10 Top 1 rows chosen at random

  • Whether or not Peter's specific solution disproves my general statement remains to be seen. How many RDBMSs will it work on?

    As for putting the work in the query. How shall I put this...?

    I've only been coming here for about three months now, but I've noticed that one of the favorite games is a derivative of the old TV show, "Name That Tune":

    Player A: I can execute that query in 0.00000317698 Sec.
    Player B: I can execute that query in 0.00000317534 Sec. I win!

    I'm guessing now, but I think it's going to be fairly difficult to squeeze much more performance out of "SELECT * FROM table". So if we can offload some of the work to an event that happens about a gazillion times less often than a query, why not? How often are we able to squeeze that much performance from a query? Otherwise, why do we play that silly game in the first place.

    Tomm Carr
    --
    Version Normal Form -- http://groups.google.com/group/vrdbms

  • Since this is an SQL Server forum, what does it matter if it will work on any other RDBMS?  You believe in the myth of portable code?

    quote

    I don't think OP was concerned at this point about performance.

    You're absolutely correct... in fact, if you'll go back and read Peter's post a bit more carefully, Peter said that "Running Carr's suggestion reveals that the movies are always the same for every genre".  It's not a matter of performance... it's a matter of you providing an answer that simply didn't work (although I've not tested it myself) any better than hardcoding a result.  You jumped the gun on thinking it was a performance issue just because he posted an execution plan.

    So far as the performance "contests" that some of us engage in, what better way to exchange ideas in the form of code?  At least that has a purpose compared to some other games folks play... How stupid is it for folks to bat a ball against the wall if only to see the opponenent can return it?  How stupid is it for folks to spend a quarter million dollars on a car that runs for 5 seconds or less on the quarter mile and burns 30 gallons of very expensive fuel in the process only to win or lose by milliseconds?  How stupid is it for two grown men to stand in a ring and beat the hell out of each other?

    So far as the OP not being concerned about performance goes, that's probably true... as you said, probably just wanted to know if it could be done.  But we're concerned about performance... how many posts have you seen on these forums asking "How do I tune this query for better performance"?

    So c'mon down off the ceiling and play our silly games with us, Tomm.  It's really a lot of fun if you let it be fun... granted, some folks try to put a little too much "fu" in the word "fun" , but even on those nasty bouts, there always something to learn even if it's how not to do something.  And ya don't even have to get into the ring if you don't want to

    --Jeff Moden


    RBAR is pronounced "ree-bar" and is a "Modenism" for Row-By-Agonizing-Row.
    First step towards the paradigm shift of writing Set Based code:
    ________Stop thinking about what you want to do to a ROW... think, instead, of what you want to do to a COLUMN.

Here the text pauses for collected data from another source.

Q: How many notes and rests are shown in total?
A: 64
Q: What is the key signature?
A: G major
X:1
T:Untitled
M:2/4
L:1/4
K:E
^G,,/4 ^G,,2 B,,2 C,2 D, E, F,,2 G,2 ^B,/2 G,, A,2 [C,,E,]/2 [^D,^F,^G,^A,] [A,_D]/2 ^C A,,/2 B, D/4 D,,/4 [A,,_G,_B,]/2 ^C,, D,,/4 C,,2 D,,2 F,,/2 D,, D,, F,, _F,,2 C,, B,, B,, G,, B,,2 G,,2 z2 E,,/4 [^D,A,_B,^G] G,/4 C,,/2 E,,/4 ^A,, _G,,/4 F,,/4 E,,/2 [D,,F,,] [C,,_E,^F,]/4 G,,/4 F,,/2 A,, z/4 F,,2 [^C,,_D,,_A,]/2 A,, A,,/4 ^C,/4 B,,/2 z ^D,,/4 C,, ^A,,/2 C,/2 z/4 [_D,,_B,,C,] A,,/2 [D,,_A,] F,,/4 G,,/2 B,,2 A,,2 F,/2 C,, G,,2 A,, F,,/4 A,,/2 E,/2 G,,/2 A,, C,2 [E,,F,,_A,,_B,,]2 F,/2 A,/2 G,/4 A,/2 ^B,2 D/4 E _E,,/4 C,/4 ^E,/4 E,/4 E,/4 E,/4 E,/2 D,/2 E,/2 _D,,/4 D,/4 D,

    Change is inevitable... Change for the better is not.


    Helpful Links:
    How to post code problems
    How to Post Performance Problems
    Create a Tally Function (fnTally)

  • How are you able to edit the quotes area? I'm not able to reach it when I quote a post.

    ------------------

    I am a believer in taking full advantage of the strengths of the platform chosen for use. However, I'm sure I'm not the only one who comes here who has to work with more than one RDBMS. So I do look for portable solutions when I can find them. Moreover, in this particular instance I had made a general statement and it was challenged based on one specific result. It was just poor argument structure.

    As for my solution not fully satisfying the requirements, I pointed this out myself in my original post. Why do you keep bringing things to my attention that I first brought to yours?

    And I do play the performance game. Search out some of my posts. Performance is important and sometimes critically so. So I was somewhat taken aback at your response that seemed so nonchalant about query performance. I know you have contributed many good solutions here so you know its importance. So I used the word "silly" as a bit of sarcasm at your response.

    Whether my solution satisfies this particular problem is neither here nor there. I get paid the same either way. Going beyond the requirements of this particular problem, there are times when we have an absolute resource hog of a query that just can't be tuned any better than it is. When we hit this kind of brick wall, sometimes (and it doesn't happen nearly often enough) we can improve the query performance by attacking the problem from a completely different angle. Sometimes we can offload some of this resource use to an event (insert and/or update, for example) that occurs far less often than the query and (that it also introduced a bit of randomness which was needed by this particular problem was why I decided to post it, imperfect as it was). Thus we enhance query performance because we've already done some preparatory work.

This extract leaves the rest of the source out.